Есть художники многих картин, а есть художники одной. Александр Андреевич Иванов (1806–1858) принадлежит ко вторым — и это не бедность, а выбор. Он мог бы прожить лёгкую жизнь мастера с именем: ранний талант, академическая выучка, награды, заказы. Вместо этого он уехал в Италию и на десятилетия исчез в работе над единственным полотном, которому решил отдать всё, что у него было, — время, глаза, веру, здоровье. Так рождается редкий тип судьбы: не карьера, а служение одному замыслу.
Замысел был огромен не размером холста, хотя и холст вышел исполинским.
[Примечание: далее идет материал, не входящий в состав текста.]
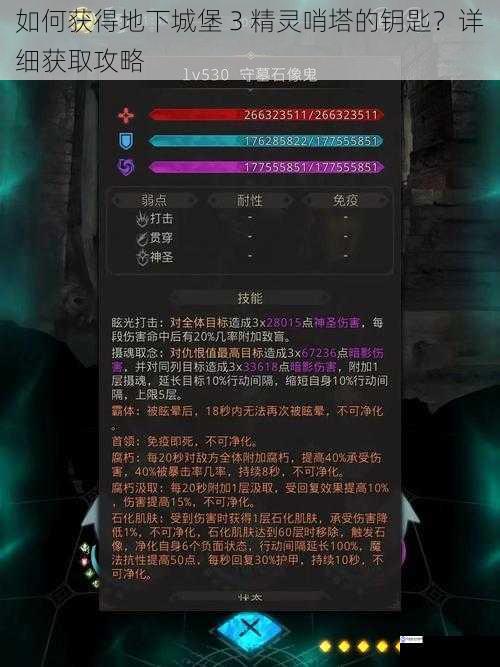 如何获得地下城堡 3 精灵哨塔的钥匙?详细获取攻略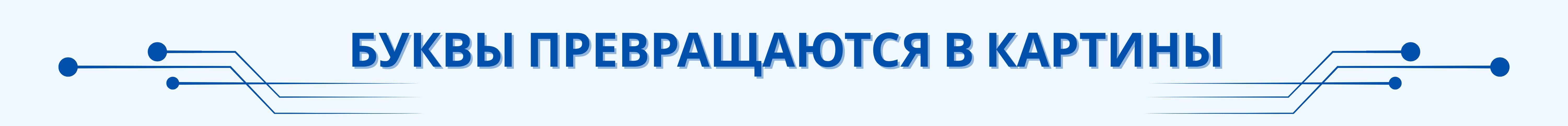 Искусственный интеллект помогает детям вьетнамской диаспоры полюбить родной язык Искусственный интеллект помогает детям вьетнамской диаспоры полюбить родной язык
Иванов взял мгновение, в котором, по его убеждению, поворачивается вся человеческая история. Берег Иордана, толпа пришедших к воде, и Иоанн Креститель, простирающий руку к идущему вдалеке — к Христу. Ещё ничего не случилось: нет ни проповеди, ни чуда, ни креста. Есть только указующий жест и общий поворот голов. Но именно здесь вечное впервые входит в поток времени, становится частью нашей истории. Художник хотел написать не сцену из Евангелия, а саму точку, где мир делится на «до» и «после».
Ради этого он поселился в Риме и работал так, как редко кто решается. Иванов не сочинял фигуры из головы — он искал их в живой натуре. Сотни подготовительных этюдов: головы стариков и юношей, обнажённые тела, ветки, камни, вода, склоны римской Кампаньи под открытым небом. В этих этюдах он, сам того не объявляя манифестом, вышел к тому, что позже назовут пленэром: свет, схваченный прямо на воздухе, чистый цвет, живая рефлексия неба на коже и листве. Многие ценители и сегодня ставят эти штудии выше самой картины — в них меньше замысла и больше свободы, меньше долга и больше открытия.
Рим этих лет для Иванова связан и с дружбой. Здесь он был близок с Николаем Гоголем — двумя русскими, одержимыми каждый своим огромным трудом вдали от родины. Черты Гоголя многие узнают в одной из фигур полотна, среди тех, кто обернулся на голос Крестителя. Так писатель, годами вынашивавший собственную неподъёмную книгу о спасении души, оказался вписан в картину о явлении Спасителя — два родственных усилия, две попытки удержать несоразмерное человеку.
Но чем дольше длилась работа, тем труднее становилось верить в неё прежней, простой верой. Иванов пережил тяжёлый внутренний кризис. Он всерьёз вчитывался в новую библейскую критику своего века, в разбор евангельских рассказов у Штрауса, где чудесное истолковывалось как миф. Земля уходила из-под замысла: как писать явление Бога, если сама реальность этого явления поставлена под вопрос? Из этой борьбы родился новый, ещё более грандиозный план — цикл «Библейских эскизов», росписей на темы всей священной истории. Иванов покрыл листы десятками композиций, полных нового, тревожного и вдохновенного видения. Осуществить этот храм на бумаге он не успел — цикл остался эскизами, обещанием, которого никто уже не исполнит.
Возвращение вышло горьким. В 1858 году, наконец, Иванов привёз главную картину в Петербург — после стольких лет ожидания её показали публике. Приём был сдержанным: то, что для художника было делом жизни, столица встретила прохладно, споря и недоумевая. А через несколько недель он умер от холеры. Почти сразу после его смерти полотно купил император — признание пришло тогда, когда автор уже не мог его услышать. Так часто и бывает с теми, кто опережает своё время и работает не на успех, а на истину.
Сегодня «Явление Христа народу» висит как итог целой жизни, отданной одному вопросу: что происходит с человеком и миром в тот миг, когда среди толпы указывают на Идущего. Иванов не дал лёгкого ответа — он оставил ожидание, разлитое по лицам, и своё собственное огромное усилие увидеть невидимое. Художник одной картины оказался художником одной темы, самой большой из возможных, — и в этом его тихое величие.